Definition of Stationary Increment

Question

The definition of a process with stationary increments is that $$\forall h\in \mathbb{R}_+,\forall t<s,f(s)-f(t)=^d f(s+h)-f(t+h).$$ However, the definition of a stationary process is that $$\forall h\in \mathbb{R}_+,\forall t_1<\cdots<t_n,\big(f(t_1),\cdots,f(t_n)\big)=^d\big(f(t_1+h),\cdots,f(t_n+h)\big)$$ Hence, I wonder if the stationarity of the increments is just a weak version for the stationary process or though they have different dimensions, they are equivalent due to the special properties of increments.

Answer 1

This also confused me.
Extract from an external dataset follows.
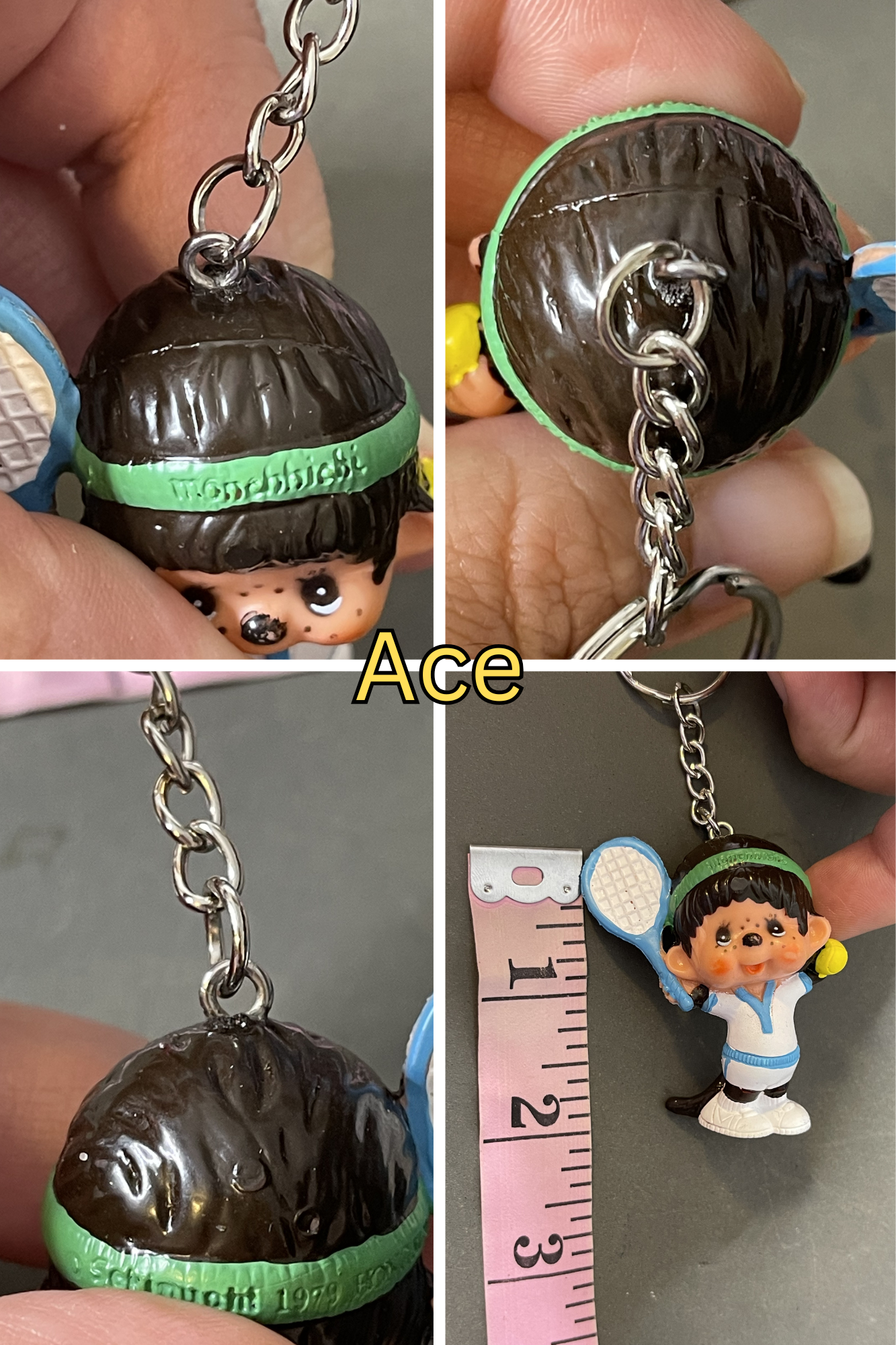 Vintage Upcycled Monchhichi Trinket Keychains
But I think the formulation is due to that one can think of this as a process in $h$. Then one considers the finite dimensional distribution of that, and should be able to translate that by any constant which kind of get absorbed into $t$, i.e

$(f(h_{1}),\ldots,f(h_{n}))=^{d}(f(h_{1}+h),\ldots,f(h_{n}+h))=^{d}(f(h_{1}+t),\ldots,f(h_{n}+t))$

by just thinking of the translation as in $t$ and then starting from any $s$ juts translate the argument into $(f(s+h_{1}),\ldots,f(s+h_{n}))=(f(s+h_{1}+t),\ldots,f(s+h_{n}+t))$.

Which I think is what the defintion say.